Entries taken from a collection:
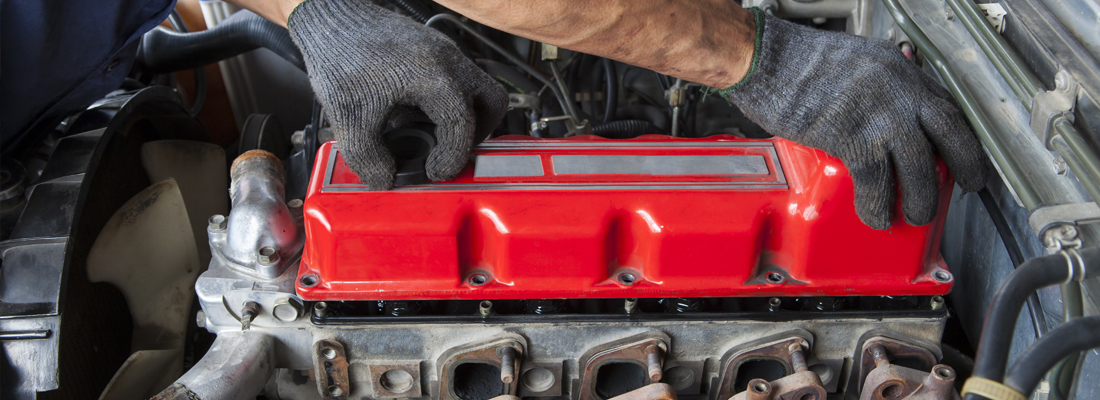 Mekanik Motor Üst Kapak Değişimi İşlemi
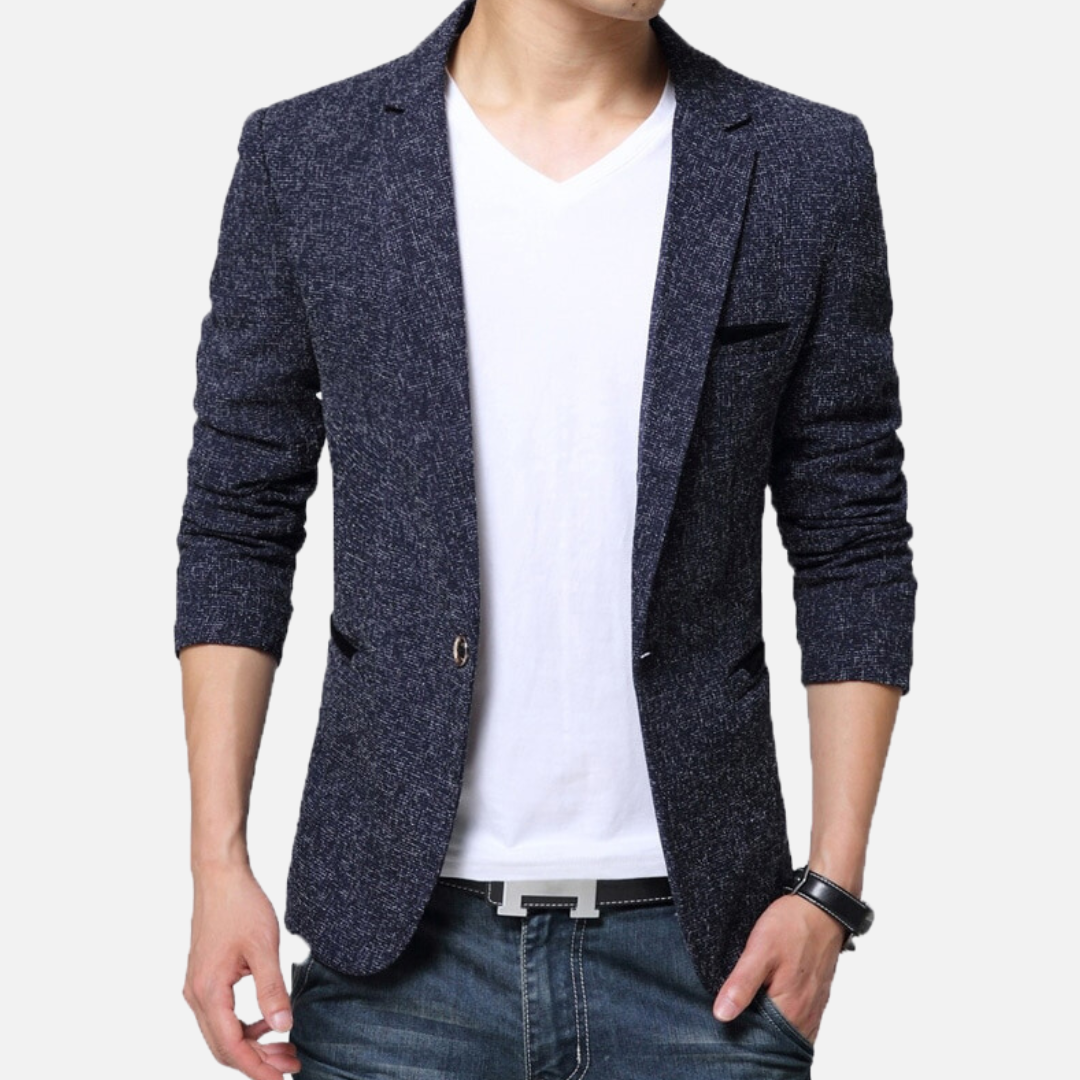 Blazer para Hombre Ahmet Stefano Romano®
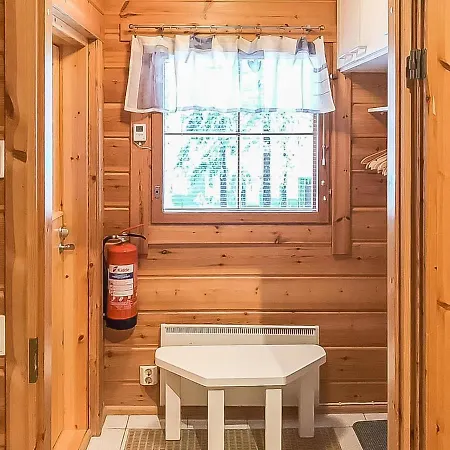 Metsae-vuosseli Rukalumous By Interhome Ruka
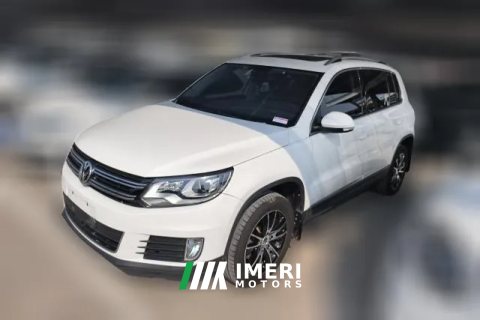 2018 Volkswagen Tiguan 2016 1.4T AT 280TSIsilk roadFashionFWD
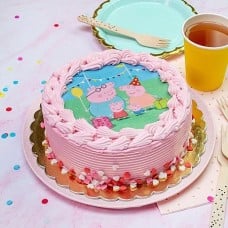 Cake Peppa Pig (Small)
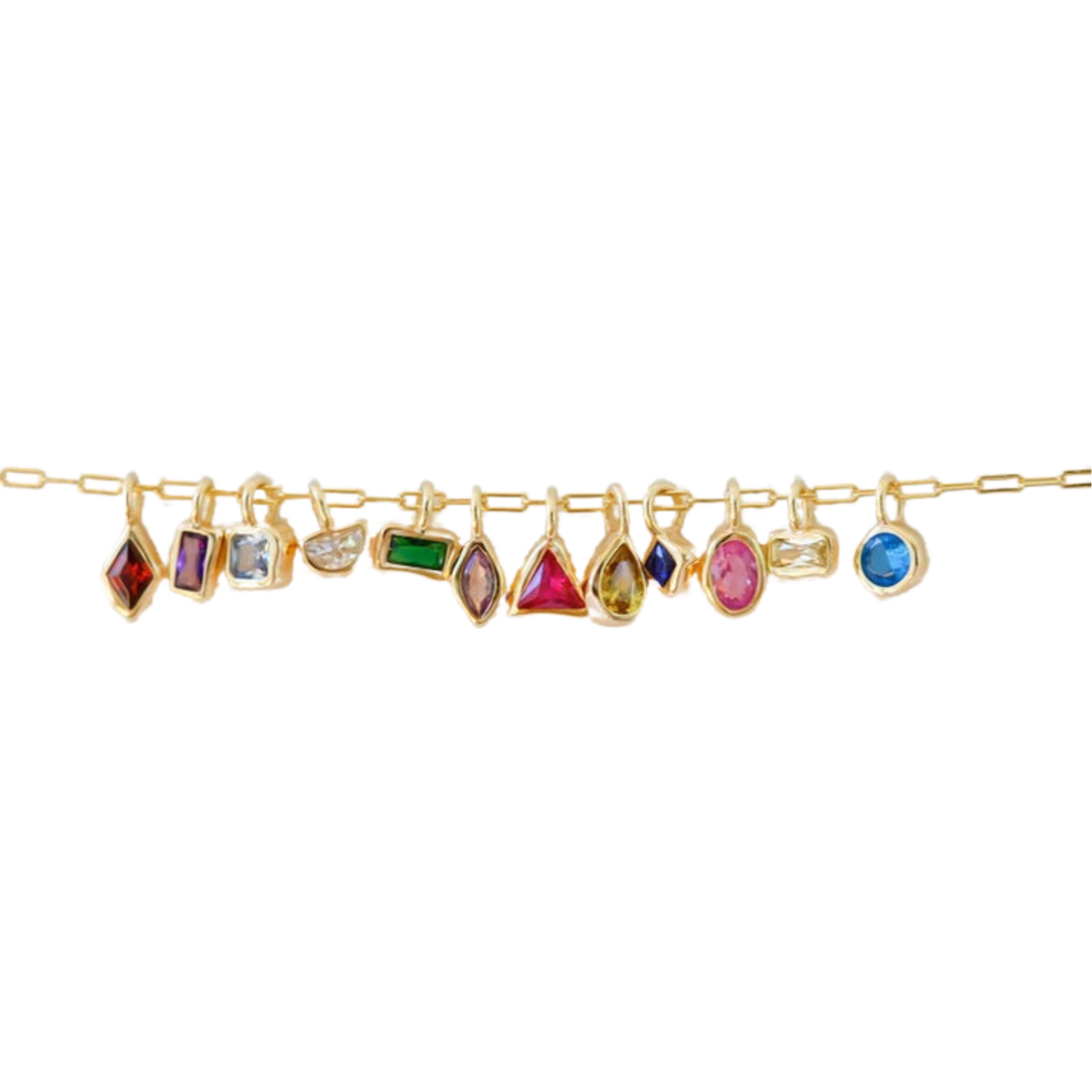 Birthstone Pendants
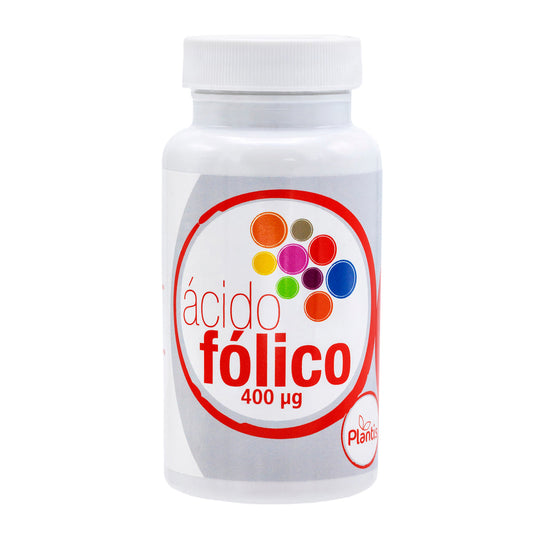Acido Folico 60 Capsulas | Artesania Agricola - Dietetica Ferrer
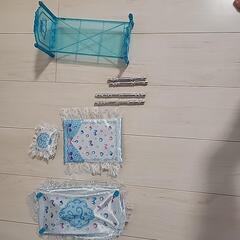 リカちゃんベッドの画像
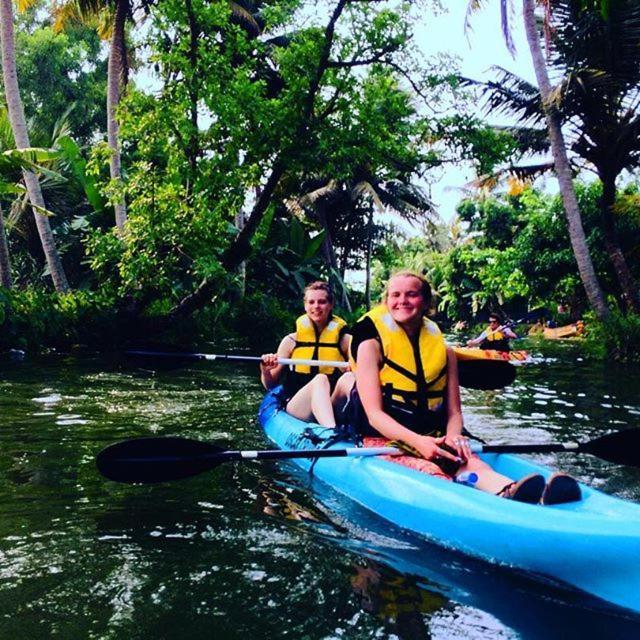 Aham Yoga Nest Bed and Breakfast Alappuzha Εξωτερικό φωτογραφία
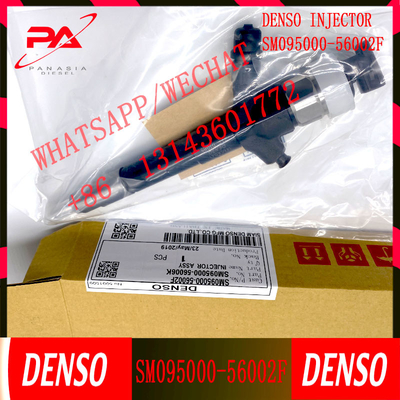 Mitsubishi 1465A041 ve Denso 095000-5600 SM095000-56002F SM095000-56006K için WICKTEL dizel common-rail enjektörleri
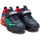 Schuhe Kinder Sneaker Bull Boys DNAL2208-AE01 Blau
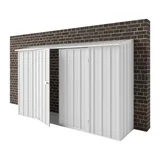 EasyShed Off The Wall Shed 3m x 0.78m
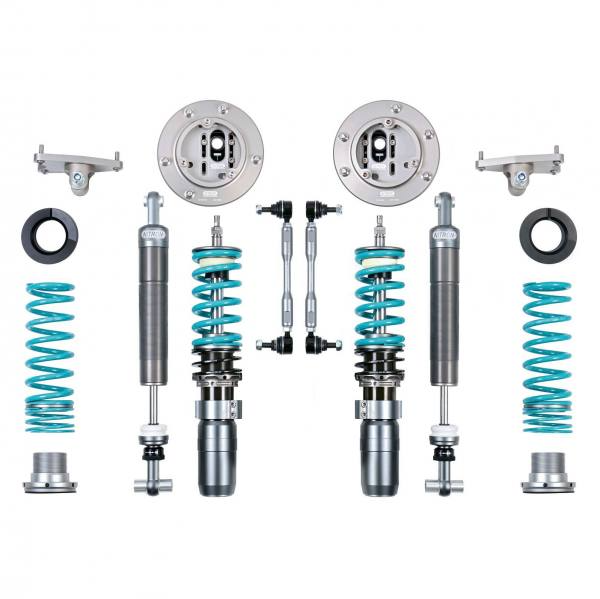 Nitron NTR R1 Suspension Kit - BMW F82 M4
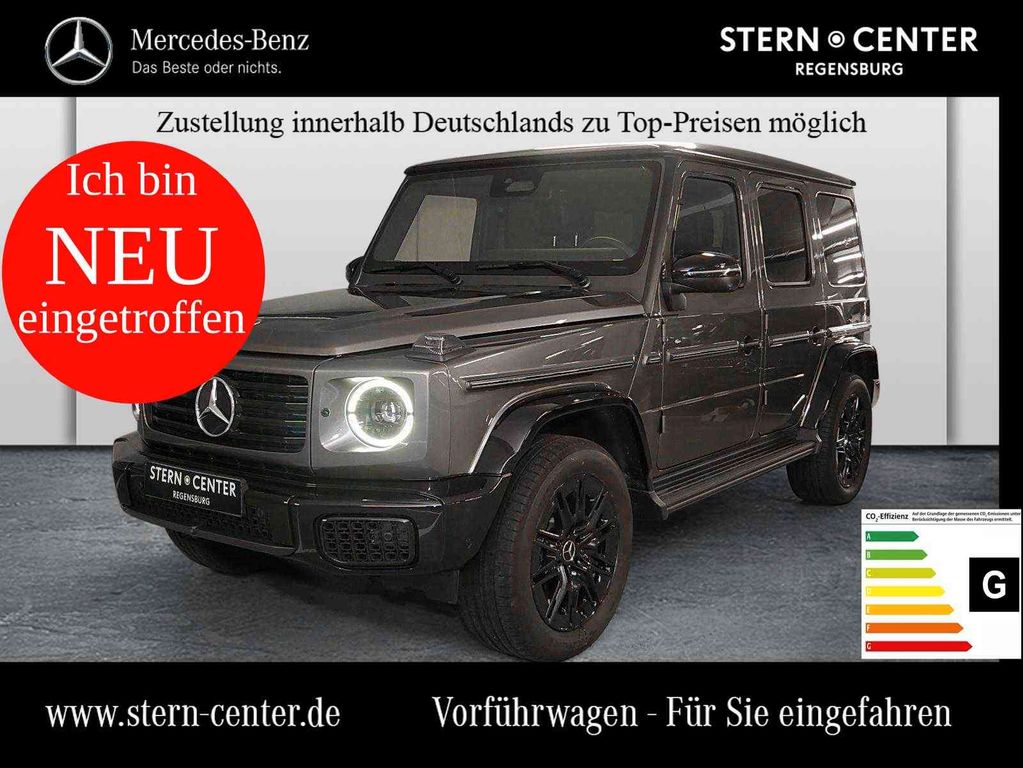Mercedes-Benz G 450 2025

● EXERCISE BRIEF:
Restate the records above exactly, less any pictures.

● TASK RESULT:
 Mekanik Motor Üst Kapak Değişimi İşlemi
 Blazer para Hombre Ahmet Stefano Romano®
 Metsae-vuosseli Rukalumous By Interhome Ruka
 2018 Volkswagen Tiguan 2016 1.4T AT 280TSIsilk roadFashionFWD
 Cake Peppa Pig (Small)
 Birthstone Pendants
Acido Folico 60 Capsulas | Artesania Agricola - Dietetica Ferrer
 リカちゃんベッドの画像
 Aham Yoga Nest Bed and Breakfast Alappuzha Εξωτερικό φωτογραφία
 Mitsubishi 1465A041 ve Denso 095000-5600 SM095000-56002F SM095000-56006K için WICKTEL dizel common-rail enjektörleri
 Schuhe Kinder Sneaker Bull Boys DNAL2208-AE01 Blau
 EasyShed Off The Wall Shed 3m x 0.78m
 Nitron NTR R1 Suspension Kit - BMW F82 M4
Mercedes-Benz G 450 2025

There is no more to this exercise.